Rosa Bonheur was a French painter and sculptor. She is famous for the realism of her works. She was an “animalière”, which means a painter of animals. Bonheur is widely considered as the most famous female painter during the 19th century.
Rosa Bonheur was born in Bordeaux (1822) in a family of artists. Her mother was a piano teacher and her father painter of landscapes and portraits. He encouraged his daughter to develop her artistic talents. Even though of Jewish origin, her family adhered to a Christian-socialist sect, the Saint-Simonianism, which promoted the education of women alongside men.

The family moved to Paris in 1828. Bonheur had difficult learning to read and before she could talk, she would sketch with pencil and paper. She learnt to read with the help of her mother, who asked her to choose and draw a different animal for each letter of the alphabet. It is believed that her love for animals and for drawing them has to do with these reading lessons with her mother.
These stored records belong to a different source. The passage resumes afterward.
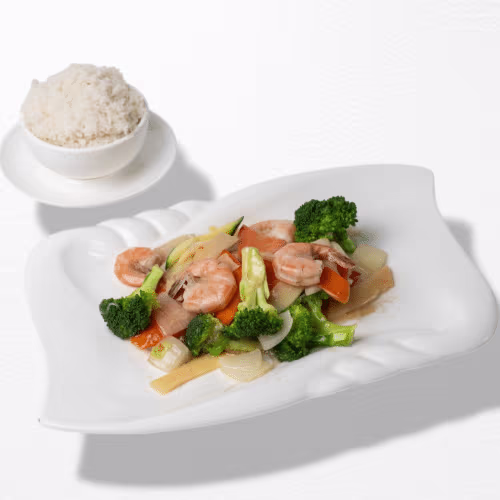 Garnelen mit Wok-Gemüse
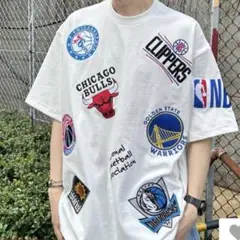 お盆限定値下げ【美品/完売】NBA ロゴワッペン T 白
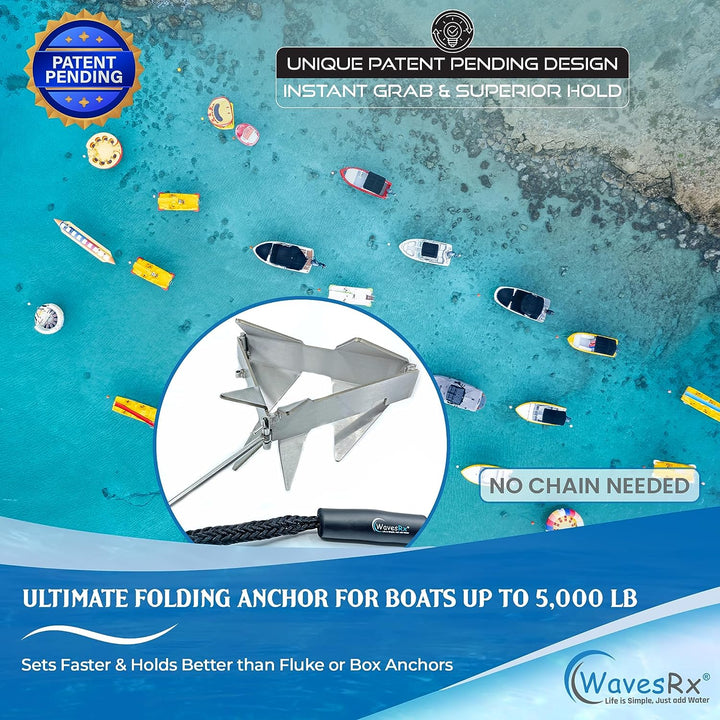 18'' ALUMINUM BEACH SPIKE ANCHOR + 7LB TRIANCHOR (STAINLESS STEEL FOLDING ANCHOR) + 2 ANCHORMATE BUNGEE LINES (7'-14' AND 14'-50')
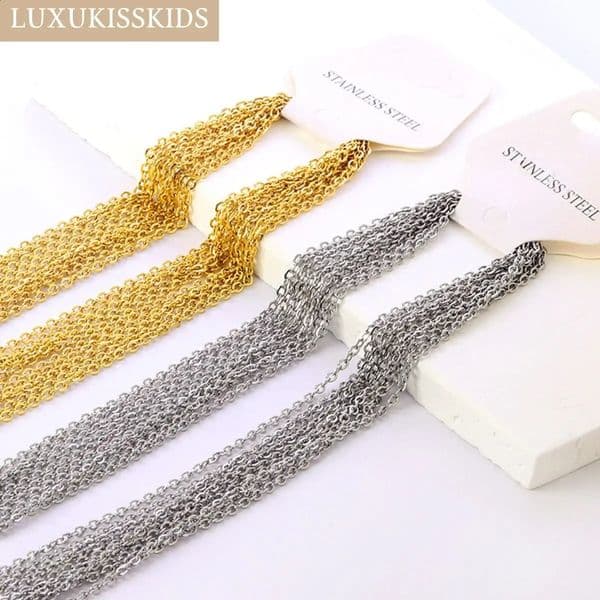 LUXUKISSKIDS Stainless Steel Chains Necklace Woman 10pcslot Bulk Wholesale DIY Rolo 2mm Chain No Fade Choker For Jewelry Making 251205
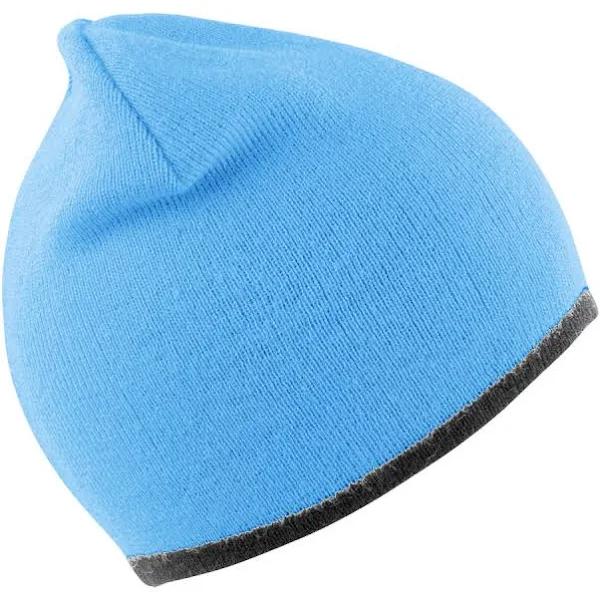 Result Unisex Reversible Fashion Fit Winter Beanie Hat Aqua/Grey Winter Hat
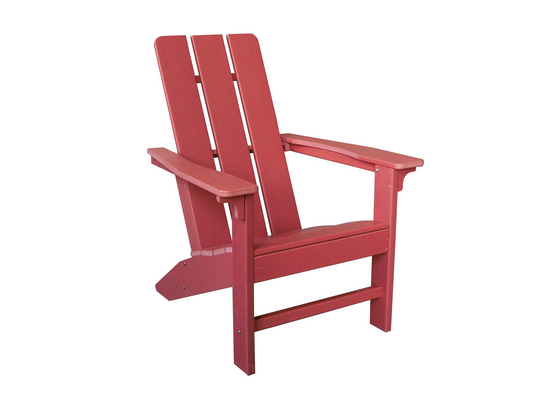 MOSS MOSS-OG009R - Chaise Adirondack moderne, dossier plat et accoudoirs rouges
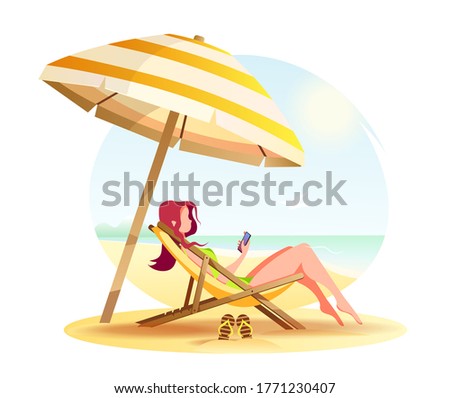 Similar – Image, Stock Photo Sunshade and deck chairs on a beach in Mauritius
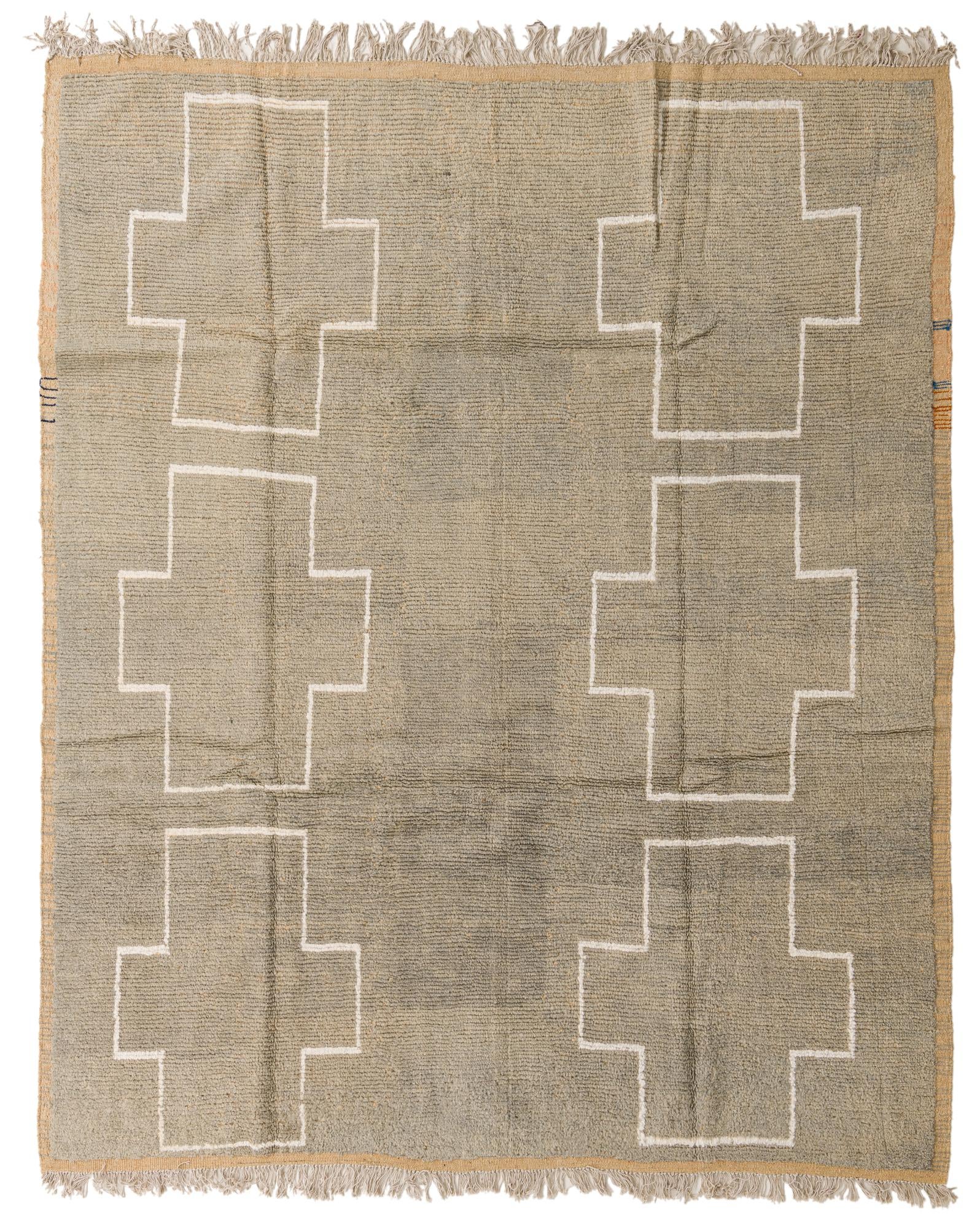 8' 6 x 10' 5 Hand Knotted Moroccan Wool Rug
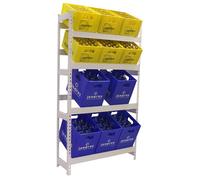 Simon Rack Etagère pour Caisses de Boissons, Etagère pour 12 Cassette, 4 Niveaux, Charge par Niveau 100 kg, 2000x1000x300 mm, Etagère pour Caisses de Boissons en Métal, Blanc - Simonbottle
At the age of twelve her father undertook to train her as a painter. Following the traditional curriculum of art schools of the time, she began her training by copying images from drawing books and by sketching plaster models. Her father allowed her to pursue her interest in painting animals by bringing live animals to the family’s studio, so she could study them. She also sketched animals she could find in the open fields of Villiers (near to Paris). At the age of fourteen she began to copy paintings at the Musée du Louvre. Among the artists she admired was Nicholas Poussin and Rubens.
She studied animal anatomy and osteology in the abattoirs of Paris and by dissecting animals in the National Veterinary Institute where she prepared very detailed studies that she would use later as references for paintings and sculptures.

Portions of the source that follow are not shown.